Drag queens & Awkward meetings
In case you ever run into your ex’s half brother in the middle of a leather & bondage Folsom Street Fair and you’re dressed as a burlesque dancer while holding a sparklely hula hoop…here’s what you do:
- Smile. There’s nothing more disarming than blinding someone momentarily by flashing the pearly whites.
- Make Eye Contact. You’ve already smiled so there’s no slinking backwards into the dark alley. Make some soul connecting eye contact that says, “That’s right, it’s me (bitch)!” Do not apologize for looking like an over the top tarted artiste in frilly knickers. Own it. Love it.
- Enthusiastically run up and hug it out. The one that makes first contact gets to set the tone of the entire meeting so be the aggressor and initiate. And who would turn down a free hug from someone looking as sexy as you (in fishnet stockings no less!)
- Don’t be alarmed. While launching into the standard conventional small talk: “How are you? How have you been?” don’t be alarmed if he answers: “From afar I was thinking there goes one hot chick…then I realized oh shoot…IS that even a girl?!?” This just means you’ve pulled off a pretty impressive feet of dressing like a girl that’s dolled up like a draggy queen who secretly wants to be a woman.
- Hoop off into the sunset. Yup. Send him on his merry way into the hordes of leather bound semi-clad men by wishing him a gay ol’ time!

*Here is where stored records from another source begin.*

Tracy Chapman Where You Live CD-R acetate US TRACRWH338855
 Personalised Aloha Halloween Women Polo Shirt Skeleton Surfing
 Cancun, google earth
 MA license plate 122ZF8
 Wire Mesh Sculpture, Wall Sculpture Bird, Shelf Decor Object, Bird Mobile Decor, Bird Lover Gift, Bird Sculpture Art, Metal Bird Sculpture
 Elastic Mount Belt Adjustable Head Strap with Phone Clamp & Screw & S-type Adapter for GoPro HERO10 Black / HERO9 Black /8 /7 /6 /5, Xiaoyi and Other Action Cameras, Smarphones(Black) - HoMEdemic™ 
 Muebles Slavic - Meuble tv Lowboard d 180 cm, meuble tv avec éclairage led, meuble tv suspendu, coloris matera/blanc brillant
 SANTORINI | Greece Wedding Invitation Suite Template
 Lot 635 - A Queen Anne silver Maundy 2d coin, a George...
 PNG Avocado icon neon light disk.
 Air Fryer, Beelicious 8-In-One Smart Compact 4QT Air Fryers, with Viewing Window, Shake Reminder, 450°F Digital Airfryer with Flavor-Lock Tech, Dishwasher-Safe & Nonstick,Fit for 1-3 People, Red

Haha. When I first read this, I thought the guy was dressed up as a burlesque dancer.
That is so true about setting the tone first. If you don’t immediately raise the “it’s cool” flag, then the whole interaction can just get super awkward when it doesn’t need to be. No fun.
Yes, it would have been a sight to see — him glammed up in burlesque because I think he really has the legs for it! On the other hand, I am too much a starving artist to find a proper editor for my ramblings & writings…but thanks!
I always appreciate a second set of eyes, or third or fourth, just in case you’d like to spread the gospel of my life.